■ Aim of the task
Please give back only the lines below from the one containing "Main listing image - MINI Countryman" to the one containing "ARTFX+ Star Wars", each repeated word for word, both ends included.

■ Input material
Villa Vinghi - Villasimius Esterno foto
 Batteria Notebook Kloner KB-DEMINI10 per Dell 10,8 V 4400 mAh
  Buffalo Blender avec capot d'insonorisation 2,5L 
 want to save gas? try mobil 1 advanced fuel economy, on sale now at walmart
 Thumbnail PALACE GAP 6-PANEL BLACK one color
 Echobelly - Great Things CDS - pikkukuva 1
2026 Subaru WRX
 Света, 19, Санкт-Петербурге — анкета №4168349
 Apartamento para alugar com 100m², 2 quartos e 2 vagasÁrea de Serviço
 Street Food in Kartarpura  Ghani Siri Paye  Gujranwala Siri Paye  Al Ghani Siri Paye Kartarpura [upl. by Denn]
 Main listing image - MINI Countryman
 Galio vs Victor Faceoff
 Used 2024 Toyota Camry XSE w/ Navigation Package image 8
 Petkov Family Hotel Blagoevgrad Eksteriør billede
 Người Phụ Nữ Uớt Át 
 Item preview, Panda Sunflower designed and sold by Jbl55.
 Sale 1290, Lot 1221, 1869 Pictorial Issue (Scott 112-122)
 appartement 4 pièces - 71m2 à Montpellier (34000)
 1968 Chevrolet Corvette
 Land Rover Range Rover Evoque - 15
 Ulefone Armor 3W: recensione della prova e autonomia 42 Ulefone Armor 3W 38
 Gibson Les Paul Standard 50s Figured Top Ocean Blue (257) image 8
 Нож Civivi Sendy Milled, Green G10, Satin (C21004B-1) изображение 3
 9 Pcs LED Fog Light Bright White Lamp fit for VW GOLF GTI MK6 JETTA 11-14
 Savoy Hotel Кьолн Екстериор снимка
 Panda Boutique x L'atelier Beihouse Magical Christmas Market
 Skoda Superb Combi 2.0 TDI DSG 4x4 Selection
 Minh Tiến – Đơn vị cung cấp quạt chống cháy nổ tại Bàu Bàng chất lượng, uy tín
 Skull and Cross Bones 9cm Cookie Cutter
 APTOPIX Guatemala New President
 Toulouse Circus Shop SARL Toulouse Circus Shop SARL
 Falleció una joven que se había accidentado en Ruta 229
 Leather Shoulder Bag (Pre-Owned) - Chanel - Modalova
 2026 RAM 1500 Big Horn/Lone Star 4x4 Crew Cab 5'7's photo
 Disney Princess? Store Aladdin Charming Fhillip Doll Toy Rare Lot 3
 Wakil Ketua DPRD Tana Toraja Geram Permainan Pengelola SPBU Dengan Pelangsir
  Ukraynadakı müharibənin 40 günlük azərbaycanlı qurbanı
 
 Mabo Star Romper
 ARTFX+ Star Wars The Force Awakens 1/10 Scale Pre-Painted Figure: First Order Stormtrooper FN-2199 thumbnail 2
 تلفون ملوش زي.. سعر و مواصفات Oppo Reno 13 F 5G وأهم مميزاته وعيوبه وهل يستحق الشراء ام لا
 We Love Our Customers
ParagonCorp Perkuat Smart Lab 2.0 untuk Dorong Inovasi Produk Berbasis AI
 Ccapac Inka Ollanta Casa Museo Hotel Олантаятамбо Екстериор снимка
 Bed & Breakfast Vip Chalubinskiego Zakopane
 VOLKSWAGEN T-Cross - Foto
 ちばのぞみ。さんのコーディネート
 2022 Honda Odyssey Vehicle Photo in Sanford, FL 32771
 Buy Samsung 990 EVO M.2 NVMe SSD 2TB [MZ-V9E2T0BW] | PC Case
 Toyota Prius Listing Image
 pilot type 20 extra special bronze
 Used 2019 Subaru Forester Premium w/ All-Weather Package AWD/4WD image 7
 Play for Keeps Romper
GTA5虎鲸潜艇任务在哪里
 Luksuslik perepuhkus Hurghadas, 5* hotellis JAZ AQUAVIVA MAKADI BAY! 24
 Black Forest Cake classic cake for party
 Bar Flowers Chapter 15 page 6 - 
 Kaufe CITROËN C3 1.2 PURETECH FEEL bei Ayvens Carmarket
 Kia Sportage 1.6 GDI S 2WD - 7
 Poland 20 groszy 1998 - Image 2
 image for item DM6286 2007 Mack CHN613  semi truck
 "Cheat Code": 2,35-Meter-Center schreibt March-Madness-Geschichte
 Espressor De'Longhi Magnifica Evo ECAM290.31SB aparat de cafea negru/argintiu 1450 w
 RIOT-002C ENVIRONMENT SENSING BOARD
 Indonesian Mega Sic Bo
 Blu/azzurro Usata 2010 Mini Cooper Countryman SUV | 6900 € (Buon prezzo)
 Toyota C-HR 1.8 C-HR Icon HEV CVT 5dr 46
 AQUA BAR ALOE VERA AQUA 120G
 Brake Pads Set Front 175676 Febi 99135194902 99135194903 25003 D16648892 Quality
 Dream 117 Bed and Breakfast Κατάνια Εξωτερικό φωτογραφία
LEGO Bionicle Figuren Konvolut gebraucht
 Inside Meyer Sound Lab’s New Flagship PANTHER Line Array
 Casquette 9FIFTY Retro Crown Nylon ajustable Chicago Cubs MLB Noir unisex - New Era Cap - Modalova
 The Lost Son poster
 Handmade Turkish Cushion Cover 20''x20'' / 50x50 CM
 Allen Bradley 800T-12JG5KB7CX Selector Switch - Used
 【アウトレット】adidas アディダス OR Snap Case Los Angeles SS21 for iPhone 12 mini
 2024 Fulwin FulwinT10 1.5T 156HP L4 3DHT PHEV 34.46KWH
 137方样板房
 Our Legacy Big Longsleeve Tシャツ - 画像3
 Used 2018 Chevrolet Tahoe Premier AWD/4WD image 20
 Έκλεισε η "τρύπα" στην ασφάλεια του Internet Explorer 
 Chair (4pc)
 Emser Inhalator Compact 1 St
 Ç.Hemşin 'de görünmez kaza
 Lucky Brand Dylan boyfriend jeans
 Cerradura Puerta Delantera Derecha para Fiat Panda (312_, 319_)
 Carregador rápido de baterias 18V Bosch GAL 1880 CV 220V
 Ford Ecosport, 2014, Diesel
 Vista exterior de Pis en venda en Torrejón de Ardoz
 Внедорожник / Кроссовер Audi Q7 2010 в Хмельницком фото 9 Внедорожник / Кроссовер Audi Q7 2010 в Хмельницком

■ Exercise solution
 Main listing image - MINI Countryman
 Galio vs Victor Faceoff
 Used 2024 Toyota Camry XSE w/ Navigation Package image 8
 Petkov Family Hotel Blagoevgrad Eksteriør billede
 Người Phụ Nữ Uớt Át 
 Item preview, Panda Sunflower designed and sold by Jbl55.
 Sale 1290, Lot 1221, 1869 Pictorial Issue (Scott 112-122)
 appartement 4 pièces - 71m2 à Montpellier (34000)
 1968 Chevrolet Corvette
 Land Rover Range Rover Evoque - 15
 Ulefone Armor 3W: recensione della prova e autonomia 42 Ulefone Armor 3W 38
 Gibson Les Paul Standard 50s Figured Top Ocean Blue (257) image 8
 Нож Civivi Sendy Milled, Green G10, Satin (C21004B-1) изображение 3
 9 Pcs LED Fog Light Bright White Lamp fit for VW GOLF GTI MK6 JETTA 11-14
 Savoy Hotel Кьолн Екстериор снимка
 Panda Boutique x L'atelier Beihouse Magical Christmas Market
 Skoda Superb Combi 2.0 TDI DSG 4x4 Selection
 Minh Tiến – Đơn vị cung cấp quạt chống cháy nổ tại Bàu Bàng chất lượng, uy tín
 Skull and Cross Bones 9cm Cookie Cutter
 APTOPIX Guatemala New President
 Toulouse Circus Shop SARL Toulouse Circus Shop SARL
 Falleció una joven que se había accidentado en Ruta 229
 Leather Shoulder Bag (Pre-Owned) - Chanel - Modalova
 2026 RAM 1500 Big Horn/Lone Star 4x4 Crew Cab 5'7's photo
 Disney Princess? Store Aladdin Charming Fhillip Doll Toy Rare Lot 3
 Wakil Ketua DPRD Tana Toraja Geram Permainan Pengelola SPBU Dengan Pelangsir
  Ukraynadakı müharibənin 40 günlük azərbaycanlı qurbanı
 
 Mabo Star Romper
 ARTFX+ Star Wars The Force Awakens 1/10 Scale Pre-Painted Figure: First Order Stormtrooper FN-2199 thumbnail 2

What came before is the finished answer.